* What to do *
Directions for the data below: repeat exactly the lines from the one with "Fig. 14 - METHOD" through the one with "c-Myc antibody, STJ92356, St John", both included, and omit all pictures.

* Records provided *
□ □ □

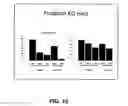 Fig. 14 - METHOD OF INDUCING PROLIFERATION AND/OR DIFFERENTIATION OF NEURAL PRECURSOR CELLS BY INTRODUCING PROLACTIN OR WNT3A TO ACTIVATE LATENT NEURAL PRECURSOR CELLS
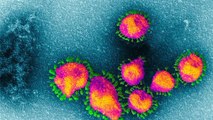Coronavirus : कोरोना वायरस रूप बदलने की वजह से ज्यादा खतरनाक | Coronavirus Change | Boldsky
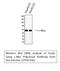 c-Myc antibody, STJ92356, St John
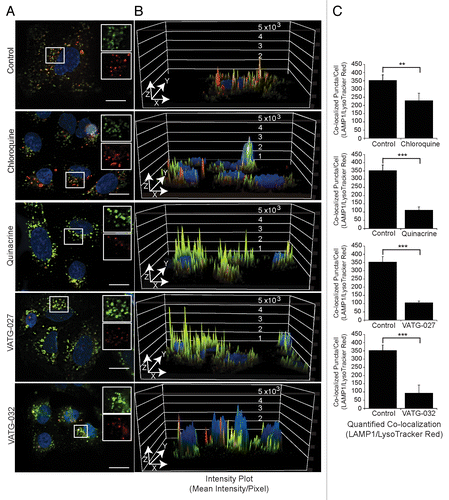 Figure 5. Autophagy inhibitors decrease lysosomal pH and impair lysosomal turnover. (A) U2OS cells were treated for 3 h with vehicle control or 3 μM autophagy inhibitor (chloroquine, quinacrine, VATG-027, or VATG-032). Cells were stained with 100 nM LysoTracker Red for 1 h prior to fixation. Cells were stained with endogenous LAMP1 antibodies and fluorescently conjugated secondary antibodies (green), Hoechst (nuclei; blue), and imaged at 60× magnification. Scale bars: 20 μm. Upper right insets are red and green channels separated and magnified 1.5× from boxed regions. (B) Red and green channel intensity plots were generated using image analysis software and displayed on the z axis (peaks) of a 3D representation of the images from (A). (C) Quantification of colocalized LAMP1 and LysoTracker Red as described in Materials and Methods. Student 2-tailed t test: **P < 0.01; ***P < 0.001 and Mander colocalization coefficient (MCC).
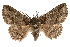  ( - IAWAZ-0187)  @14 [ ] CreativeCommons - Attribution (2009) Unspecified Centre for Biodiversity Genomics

□ □ □

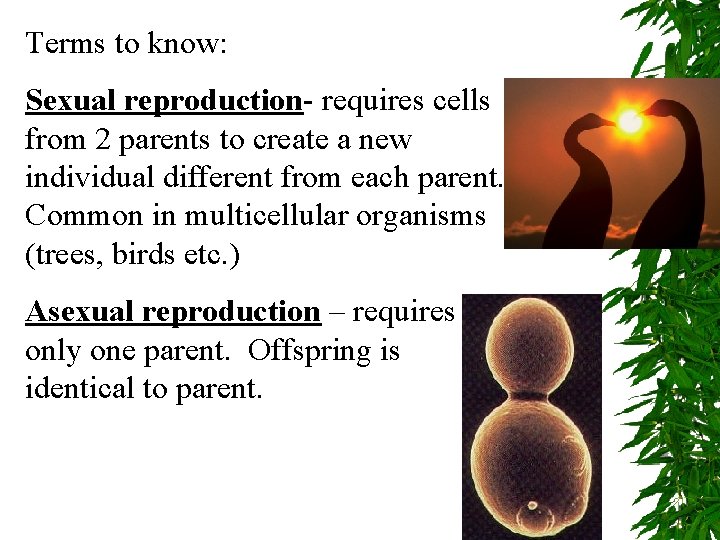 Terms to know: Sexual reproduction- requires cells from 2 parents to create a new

□ □ □

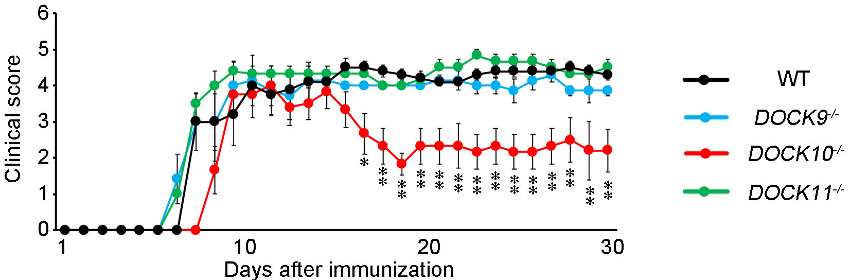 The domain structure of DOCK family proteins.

□ □ □

* Result for this exercise *
 Fig. 14 - METHOD OF INDUCING PROLIFERATION AND/OR DIFFERENTIATION OF NEURAL PRECURSOR CELLS BY INTRODUCING PROLACTIN OR WNT3A TO ACTIVATE LATENT NEURAL PRECURSOR CELLS
Coronavirus : कोरोना वायरस रूप बदलने की वजह से ज्यादा खतरनाक | Coronavirus Change | Boldsky
 c-Myc antibody, STJ92356, St John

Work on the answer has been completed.